He fought the Nazi invasion of Poland in September 1939, and later was part of the anti-Nazi resistance movement in Upper Silesia. From 1941 until the end of the war he was kept in Nazi prisons in Bytom, Katowice, Opole, and Racibórz. After the war he joined the academia: in 1951-75 he was a lecturer at the Higher School of Music in Katowice, in 1974-1980 he ran classes at the University of Wrocław, and in 1980-1999 at the University of Katowice's campus in Cieszyn, where he was the head of the Department of Music Theory and Musical Folklore Studies. In 1933 he began collecting folk songs in Upper Silesia. From the 1950s he conducted fieldwork across Poland, focusing on Upper Silesia, Cieszyn Silesia, and Zagłębie Dąbrowskie. He collected about 12 000 melodies and folk songs, as well as texts, fables, anecdotes, proverbs, and material heritage records. He also studied urban folklore and working class culture, focusing mostly on steelworkers and miners. In 1950-1955 he participated in the musical folklore fieldwork project implemented on a national scale in Poland. From 1961 he collaborated with the international centre for workers' songs in Budapest.

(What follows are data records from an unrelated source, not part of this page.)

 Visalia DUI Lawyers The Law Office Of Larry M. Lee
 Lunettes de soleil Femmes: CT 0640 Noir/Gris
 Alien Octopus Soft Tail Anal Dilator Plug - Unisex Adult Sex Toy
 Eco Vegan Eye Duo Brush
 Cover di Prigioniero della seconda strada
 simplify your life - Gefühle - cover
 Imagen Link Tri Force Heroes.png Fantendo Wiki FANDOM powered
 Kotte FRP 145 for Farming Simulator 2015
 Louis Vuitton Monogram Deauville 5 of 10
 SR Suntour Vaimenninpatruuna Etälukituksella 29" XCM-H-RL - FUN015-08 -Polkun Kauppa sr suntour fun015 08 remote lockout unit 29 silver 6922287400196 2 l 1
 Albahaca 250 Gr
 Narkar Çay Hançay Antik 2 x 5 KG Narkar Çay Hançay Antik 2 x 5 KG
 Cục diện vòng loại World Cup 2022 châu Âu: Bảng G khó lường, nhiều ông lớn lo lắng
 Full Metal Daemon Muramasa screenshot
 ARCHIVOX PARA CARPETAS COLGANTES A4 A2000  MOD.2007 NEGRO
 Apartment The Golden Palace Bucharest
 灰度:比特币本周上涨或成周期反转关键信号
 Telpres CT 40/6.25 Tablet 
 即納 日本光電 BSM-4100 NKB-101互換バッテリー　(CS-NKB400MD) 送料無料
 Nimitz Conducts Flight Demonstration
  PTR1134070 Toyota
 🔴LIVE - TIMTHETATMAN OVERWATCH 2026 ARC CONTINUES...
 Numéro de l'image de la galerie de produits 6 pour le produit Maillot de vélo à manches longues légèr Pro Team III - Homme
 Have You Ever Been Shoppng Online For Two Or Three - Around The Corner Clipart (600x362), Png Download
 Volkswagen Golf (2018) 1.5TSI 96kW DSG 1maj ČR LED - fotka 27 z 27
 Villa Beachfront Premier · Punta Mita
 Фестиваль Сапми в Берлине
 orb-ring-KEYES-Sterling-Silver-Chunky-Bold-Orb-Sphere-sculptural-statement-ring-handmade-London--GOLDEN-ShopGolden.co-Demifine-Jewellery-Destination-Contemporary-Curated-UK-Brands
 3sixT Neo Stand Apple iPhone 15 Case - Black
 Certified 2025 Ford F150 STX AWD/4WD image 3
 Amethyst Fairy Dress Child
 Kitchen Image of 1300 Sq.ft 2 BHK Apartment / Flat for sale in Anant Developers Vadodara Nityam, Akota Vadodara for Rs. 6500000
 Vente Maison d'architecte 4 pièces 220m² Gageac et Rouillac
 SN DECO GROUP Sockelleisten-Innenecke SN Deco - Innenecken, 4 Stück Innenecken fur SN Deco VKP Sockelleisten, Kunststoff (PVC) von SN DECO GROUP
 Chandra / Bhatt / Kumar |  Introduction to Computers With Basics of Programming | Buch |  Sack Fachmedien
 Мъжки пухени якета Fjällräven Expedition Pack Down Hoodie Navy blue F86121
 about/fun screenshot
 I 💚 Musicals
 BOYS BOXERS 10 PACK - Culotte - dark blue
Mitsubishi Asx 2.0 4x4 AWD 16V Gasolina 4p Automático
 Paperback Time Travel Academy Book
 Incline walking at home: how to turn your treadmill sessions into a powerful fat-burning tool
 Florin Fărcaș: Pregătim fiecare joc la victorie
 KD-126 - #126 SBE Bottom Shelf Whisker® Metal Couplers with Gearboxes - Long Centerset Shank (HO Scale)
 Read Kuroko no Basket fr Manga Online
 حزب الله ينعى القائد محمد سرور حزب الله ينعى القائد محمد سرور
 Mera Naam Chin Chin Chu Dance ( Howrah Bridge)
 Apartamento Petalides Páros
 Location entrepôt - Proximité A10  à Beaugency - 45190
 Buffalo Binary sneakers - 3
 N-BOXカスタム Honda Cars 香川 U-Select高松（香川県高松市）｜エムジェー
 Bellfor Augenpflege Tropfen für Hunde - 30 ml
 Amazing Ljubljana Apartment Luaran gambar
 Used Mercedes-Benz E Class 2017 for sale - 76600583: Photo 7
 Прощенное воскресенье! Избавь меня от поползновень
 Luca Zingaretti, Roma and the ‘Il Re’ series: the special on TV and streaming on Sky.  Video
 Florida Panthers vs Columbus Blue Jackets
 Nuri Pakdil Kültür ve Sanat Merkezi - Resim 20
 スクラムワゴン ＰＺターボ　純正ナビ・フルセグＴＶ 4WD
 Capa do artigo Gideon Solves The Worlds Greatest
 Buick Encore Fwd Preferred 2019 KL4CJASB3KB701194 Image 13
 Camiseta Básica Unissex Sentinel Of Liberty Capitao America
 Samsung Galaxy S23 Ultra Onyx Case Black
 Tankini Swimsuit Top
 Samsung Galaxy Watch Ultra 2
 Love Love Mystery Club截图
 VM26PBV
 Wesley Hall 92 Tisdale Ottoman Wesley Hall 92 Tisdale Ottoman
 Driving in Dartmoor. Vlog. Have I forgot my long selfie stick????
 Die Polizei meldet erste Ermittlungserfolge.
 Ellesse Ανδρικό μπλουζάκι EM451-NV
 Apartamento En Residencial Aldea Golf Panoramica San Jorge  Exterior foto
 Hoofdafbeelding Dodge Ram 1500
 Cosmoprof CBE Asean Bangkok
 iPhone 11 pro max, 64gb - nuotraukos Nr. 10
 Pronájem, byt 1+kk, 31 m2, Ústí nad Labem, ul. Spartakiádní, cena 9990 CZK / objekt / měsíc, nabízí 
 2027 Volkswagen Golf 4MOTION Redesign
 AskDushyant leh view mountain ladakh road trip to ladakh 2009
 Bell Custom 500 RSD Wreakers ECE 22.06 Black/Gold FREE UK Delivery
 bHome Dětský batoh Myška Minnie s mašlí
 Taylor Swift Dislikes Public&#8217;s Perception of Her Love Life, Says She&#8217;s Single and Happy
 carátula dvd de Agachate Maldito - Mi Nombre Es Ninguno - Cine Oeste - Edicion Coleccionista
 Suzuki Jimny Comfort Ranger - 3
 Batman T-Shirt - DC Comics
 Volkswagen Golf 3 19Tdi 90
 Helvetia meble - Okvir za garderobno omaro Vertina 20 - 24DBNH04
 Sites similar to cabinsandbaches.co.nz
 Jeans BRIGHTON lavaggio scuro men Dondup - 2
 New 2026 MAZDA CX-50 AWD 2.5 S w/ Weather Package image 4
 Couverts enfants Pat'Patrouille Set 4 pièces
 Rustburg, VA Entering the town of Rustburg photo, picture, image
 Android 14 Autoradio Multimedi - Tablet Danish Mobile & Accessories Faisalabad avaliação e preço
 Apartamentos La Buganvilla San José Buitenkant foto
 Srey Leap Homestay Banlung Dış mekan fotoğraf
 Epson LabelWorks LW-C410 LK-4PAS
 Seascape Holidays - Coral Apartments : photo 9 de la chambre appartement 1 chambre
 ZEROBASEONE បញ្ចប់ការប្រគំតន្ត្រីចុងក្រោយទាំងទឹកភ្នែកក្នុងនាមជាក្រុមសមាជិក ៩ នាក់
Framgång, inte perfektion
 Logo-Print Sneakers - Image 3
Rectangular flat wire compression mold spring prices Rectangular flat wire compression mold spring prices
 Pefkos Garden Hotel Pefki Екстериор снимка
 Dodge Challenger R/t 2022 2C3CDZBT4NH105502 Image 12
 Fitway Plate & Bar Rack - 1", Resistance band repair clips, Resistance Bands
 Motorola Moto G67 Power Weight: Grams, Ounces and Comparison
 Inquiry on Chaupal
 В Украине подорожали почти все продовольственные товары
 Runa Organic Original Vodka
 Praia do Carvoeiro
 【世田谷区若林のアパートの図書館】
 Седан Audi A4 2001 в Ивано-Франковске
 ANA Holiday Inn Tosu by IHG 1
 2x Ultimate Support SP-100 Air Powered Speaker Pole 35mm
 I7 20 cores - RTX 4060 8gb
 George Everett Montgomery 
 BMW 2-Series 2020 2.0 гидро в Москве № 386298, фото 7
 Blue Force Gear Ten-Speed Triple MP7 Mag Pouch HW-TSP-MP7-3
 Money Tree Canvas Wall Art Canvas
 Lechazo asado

He was a journalist and music critic, and published over 2 000 articles and about 160 academic papers. In 1947-69 he worked for "Trybuna Robotnicza" ("Workers' Tribune") weekly and hosted a programme on Polish Television called Z teki folklorystycznej Adolfa Dygacza (Adolf Dygacz’s Folkloristic Files). He was an advisor for Polish Radio and the Śląsk Song and Dance Ensemble; he also worked as an instructor in the Union of Silesian Singing and Instrumental Societies.
He was a member of the Committee on Ethnological Sciences of the Polish Academy of Sciences (PAN), the Ethnographic Commission of PAN's branch is Kraków, and the Literary History Commission of PAN's branch in Katowice. He was also a member of such cultural institutions as Polish Composers' Union (he headed the union's branch in Katowice), Polish Teachers' Union, Polish Ethnographic Society, Wrocław Scientific Society, Opole Society of Friends of Learning, and Katowice Social and Cultural Society (heading the historical section). He received the Knight's Cross of the Order of Polonia Restituta (1959), Silver Cross of Merit, and the title of Distinguished Culture Activist ("Zasłużony Działacz Kultury"). He also was granted awards by the Radio and Television Committee (1972), Ministry of Higher Education, Science, and Technology (1983), and the Polish Radio in Katowice (Stanisław Ligoń Award; 1989).